Wednesday, August 6, 2008

Those clandestine tapes

At the annual winter bash put on by well-connected Wellington PR firm Saunders Unsworth at the Backbencher pub last night, jovial National Party frontbencher Gerry Brownlee mischievously made the point of asking, before he joined in any conversation, whether any of those present had a concealed tape recorder.

Everyone got the joke, of course; there could be no more politically savvy gathering than this. But levity aside, the clandestine recording of National deputy leader Bill English and senior MP Lockwood Smith making what, in retrospect, were injudicious comments at a cocktail party during the party conference last weekend has serious implications.

For a start, the tapes are embarrassing to National because they enable Labour to push the damaging line that behind John Key’s anodyne, don’t-frighten-the-horses policy statements lies a more extreme secret agenda that will unfold only if and when National wins office.

The media have certainly pounced on them, as you’d expect. The tapes were initially leaked to TV3, which to my knowledge has said nothing about who recorded them or how they came into TV3’s hands. Suspicion automatically falls on Labour infiltrators posing as National conference delegates, though I’ve also heard the intriguing (but I think highly improbable) suggestion that ACT provocateurs may have been responsible.

Whatever, it suggests that this is going to be a dirty, desperate campaign. If Labour people are responsible for the clandestine tapes, any political advantage obtained by embarrassing National has to be weighed against possible public distaste at the underhand tactics.

The media’s role – and particularly that of TV3 – also demands scrutiny. Coverage of the controversy so far has conveniently sidestepped the ethical murkiness of obtaining stories by a process that looks perilously close to entrapment. Media law expert Steven Price has pointed out that it’s a crime to tape a conversation between other people if the circumstances indicate that one of those taking part wants it to be private. Steven also suggests TV3 may have broken the law if it were party to an illegal interception. But even if it falls short of lawbreaking, TV3's use of the tapes raises important questions about journalistic ethics.

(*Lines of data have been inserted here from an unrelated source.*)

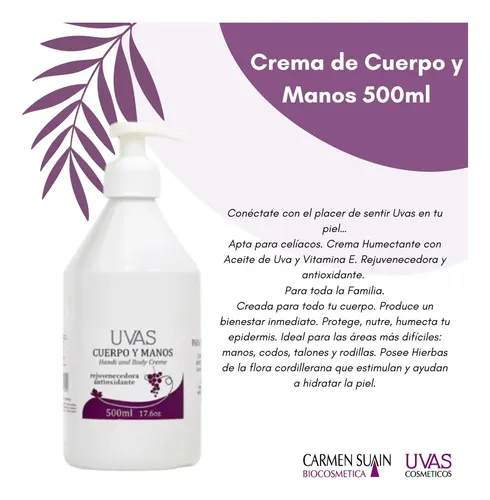 Crema Cuerpo Y Manos 500ml Uvas Cosméticos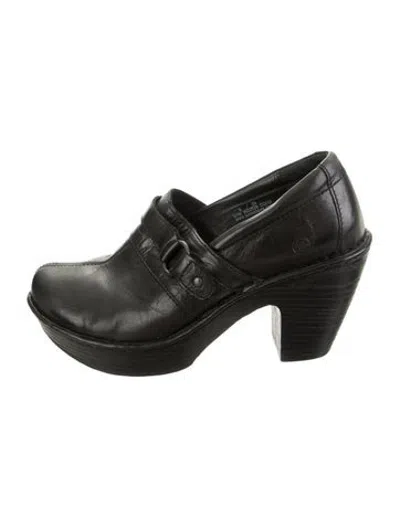 Pre-owned Born Leather Mules In Black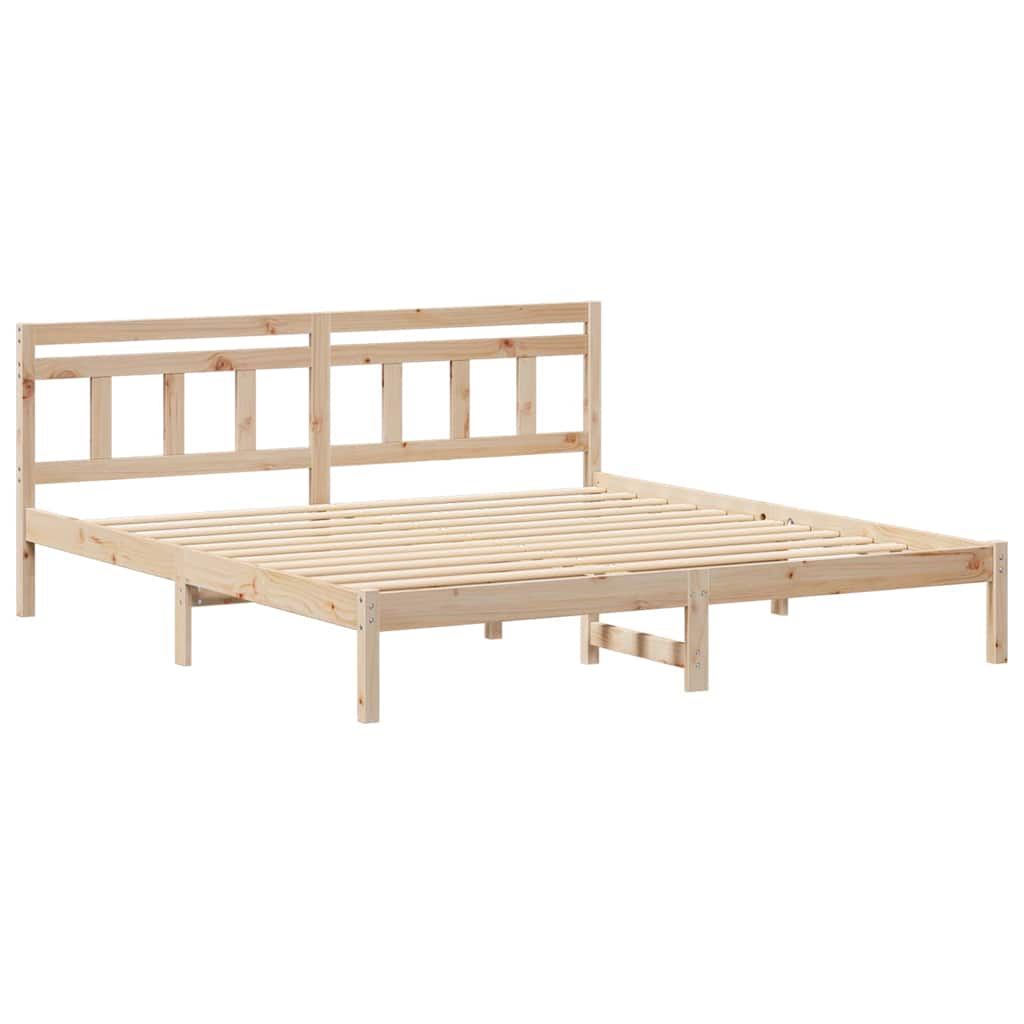 Bed Frame Brown 180 x 200 cm Solid Pine Wood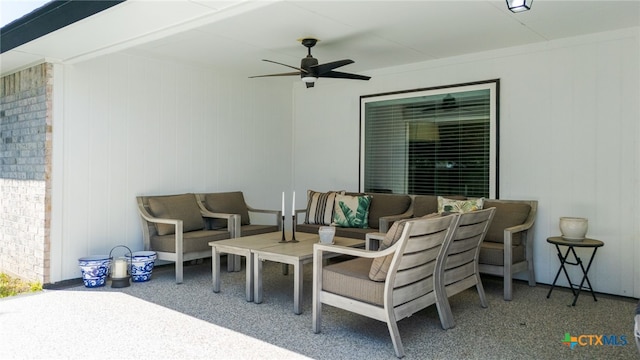 2727 Torino Reale Ave, Temple, TX 76502 - view of patio / terrace with an outdoor living space and a ceiling fan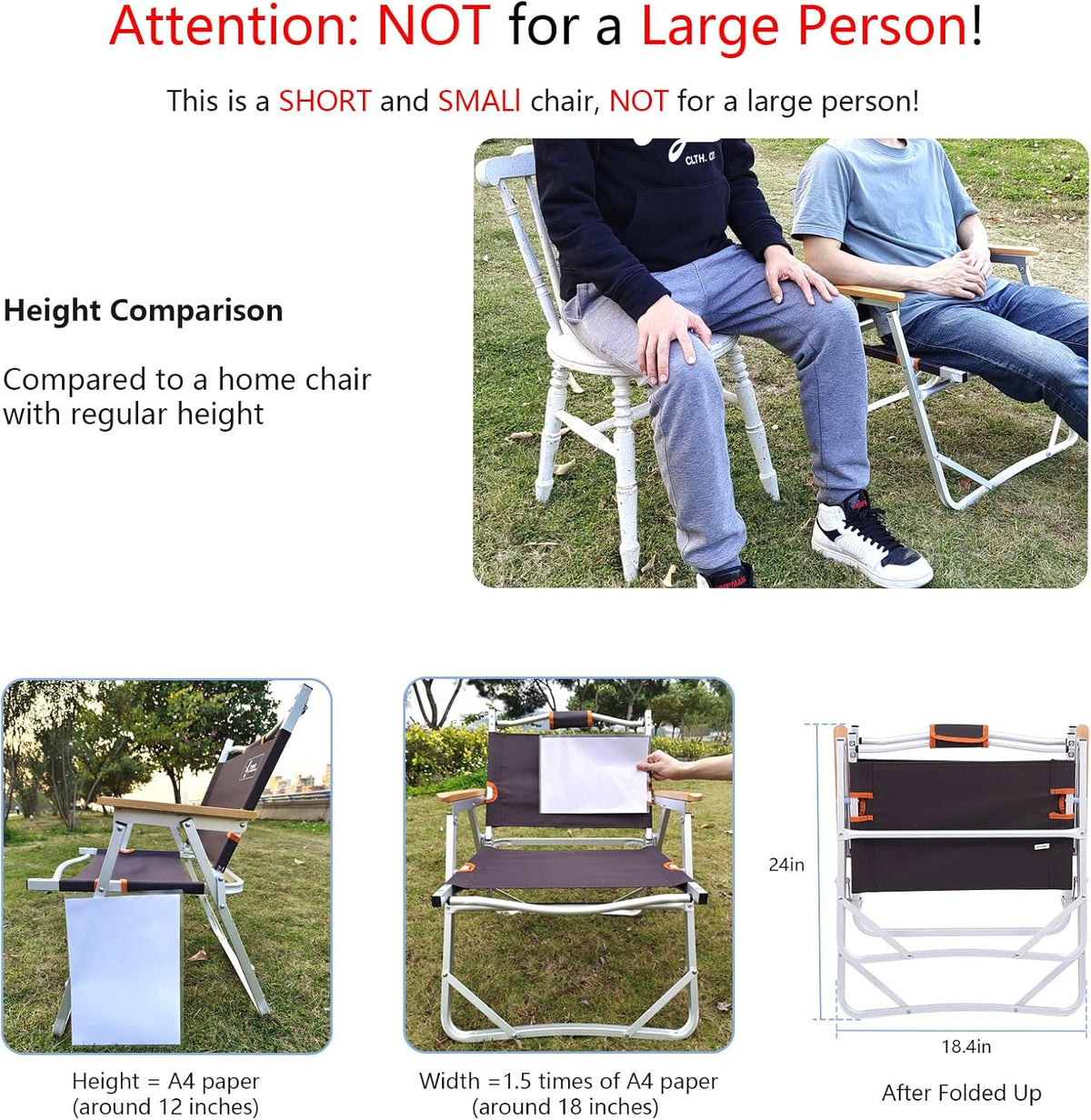 Camping Beach Chair, Heavy Duty Triangular Frame, Easy Folding with Portable Bag and Back Pocket, Dark Brown G79509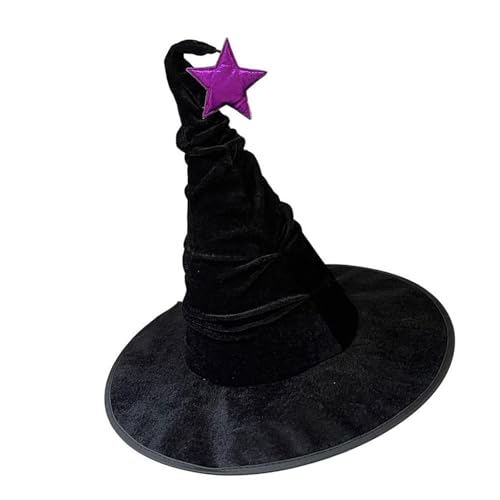 omiinitio Große Schwarze Hexenhut Für Frauen Star Plissee Witch Caps Halloween Cosplay Kostümzubehör Für Frauen Mädchen von omiinitio
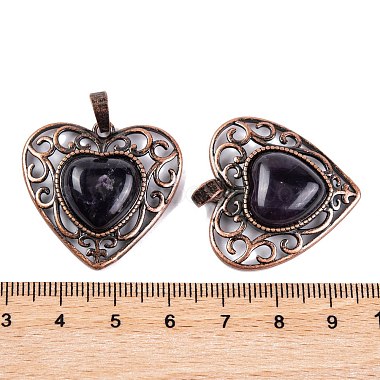 Natural Amethyst Peach Love Heart Pendants(G-G158-01-08)-3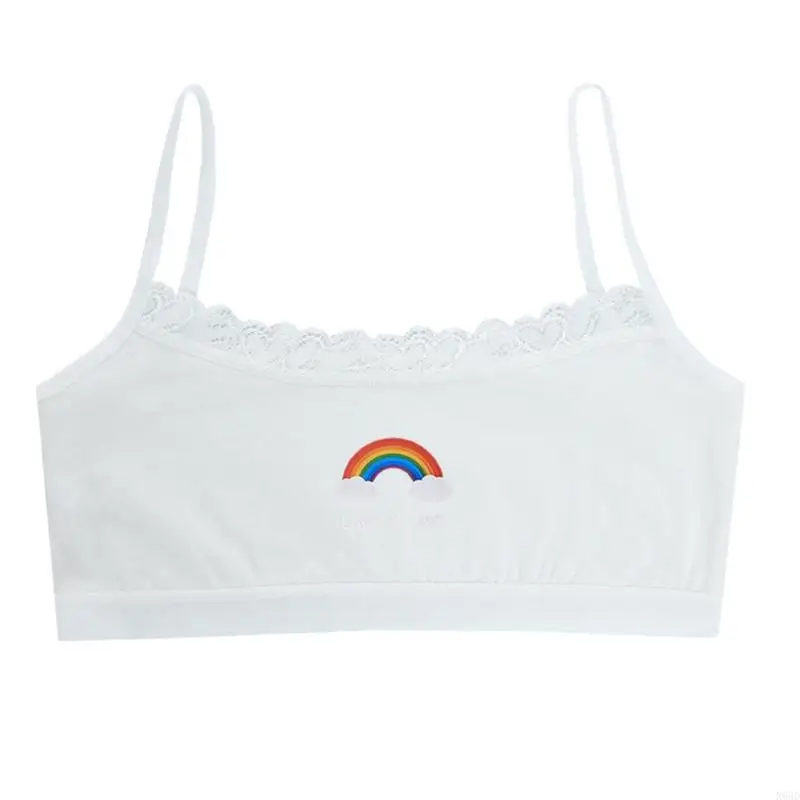 R66D Girls Cotton Spandex Top Adjustable Vest Stretchable Undershirt for Daily Wear Outdoor Activity Sensitive Skin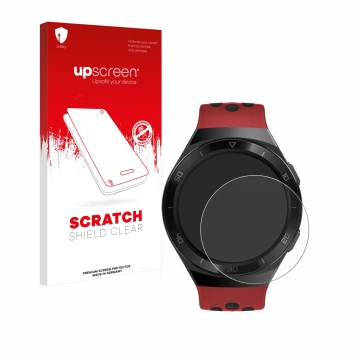 Parte frontal de un envase de producto con el logotipo de la marca upscreen. Al lado se muestra el dispositivo Huawei Watch GT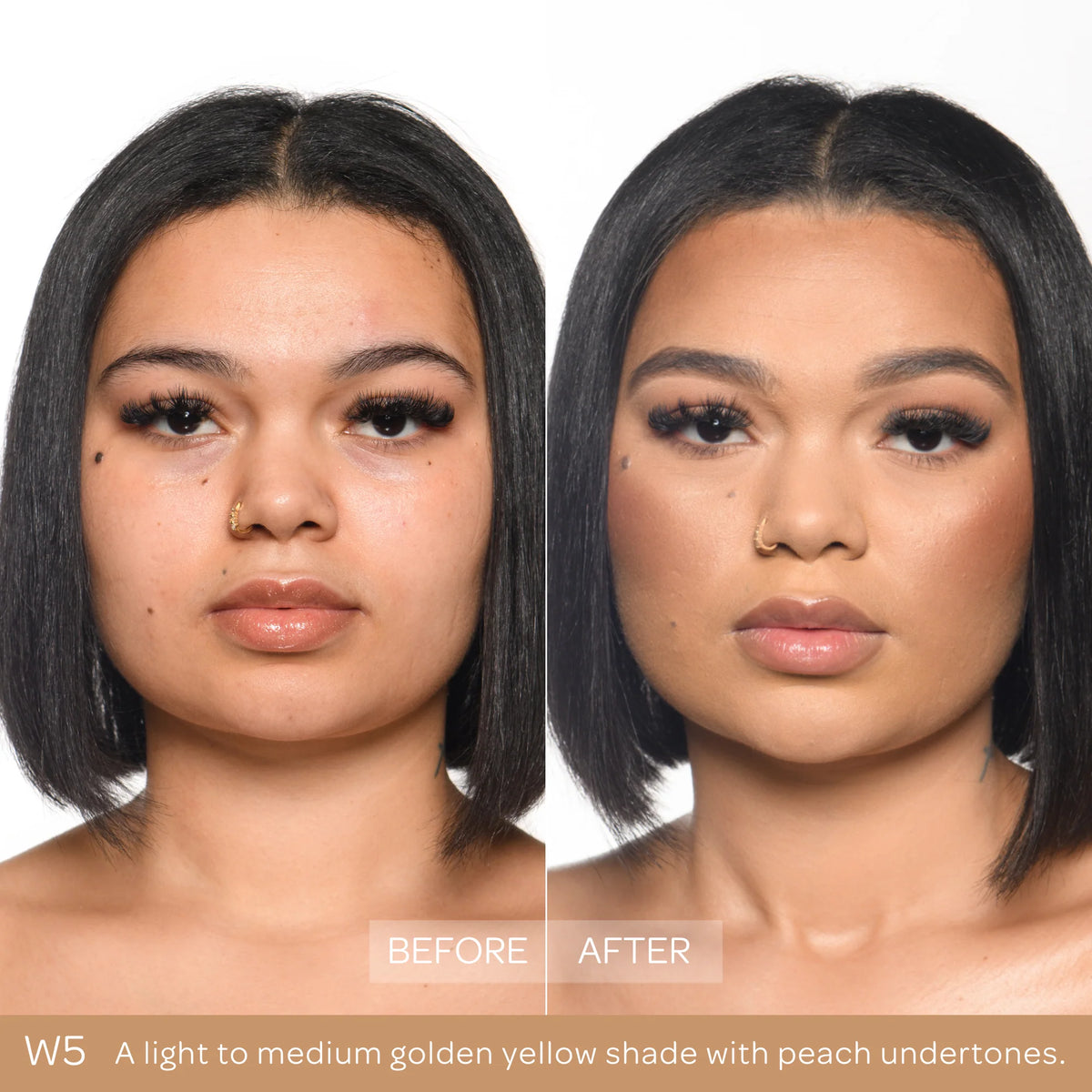 BPerfect Chroma Cover Matte Foundation W5 before and after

On the one hand, a strong argument can be made that there is a compelling public interest in what a National government might do and that the public deserves to know if the party isn’t being honest about its plans. But surreptitiously taping people at a party smacks of the tactics used by the deplorable British tabloids, and most senior journalists I know would probably feel uncomfortable about it. I suppose it’s a line call.

Here’s another important consideration: how much weight should you attach to off-the-cuff statements made in response to leading questions at a noisy cocktail party? The media may be reading more into them than is justified.

I would take the same view if the tables were turned and it was Labour MPs who had unwittingly put their foot in it. If you look at the transcripts, they are less incriminating than Labour wants people to think. In any case, how many of us would want to be held accountable for something we’d blurted out after a couple of glasses of wine at social occasion? I certainly wouldn’t.


Truth Seeker said...

Technical note: The recordings could have been made on any decent cellphone in a shirt pocket using the voice-record function.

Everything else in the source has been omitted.